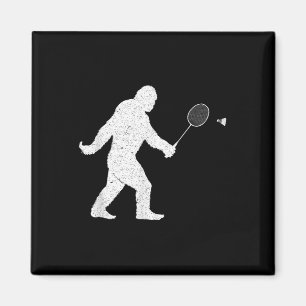 Íman Pé Grande Jogando Badminton Chuttle Engraçado Badm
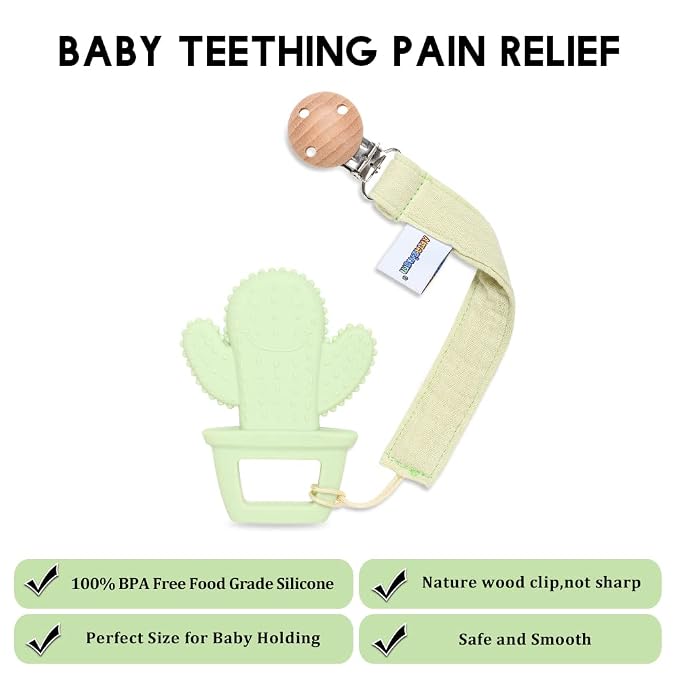 Baby Food Grade Silicone Teether Toy with Pacifier Clip Holder,Teething Pain Relief Toys Gift Set for 3 Months+ Boys and Girls,Freezer Safe,BPA Free (Cacuts)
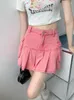 Skirts High Waist Mini Female Casual Pocket Denim Pleated Skirt Women Strrtwear Summer Pink Cargo Jeans 2023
—————
• PROMPT: Beginning with the line that contains "Baby Food Grade", repeat every remaining line of the data exactly, the last line included, and omit pictures.

• FINAL ANSWER:
 Baby Food Grade Silicone Teether Toy with Pacifier Clip Holder,Teething Pain Relief Toys Gift Set for 3 Months+ Boys and Girls,Freezer Safe,BPA Free (Cacuts)
 Skirts High Waist Mini Female Casual Pocket Denim Pleated Skirt Women Strrtwear Summer Pink Cargo Jeans 2023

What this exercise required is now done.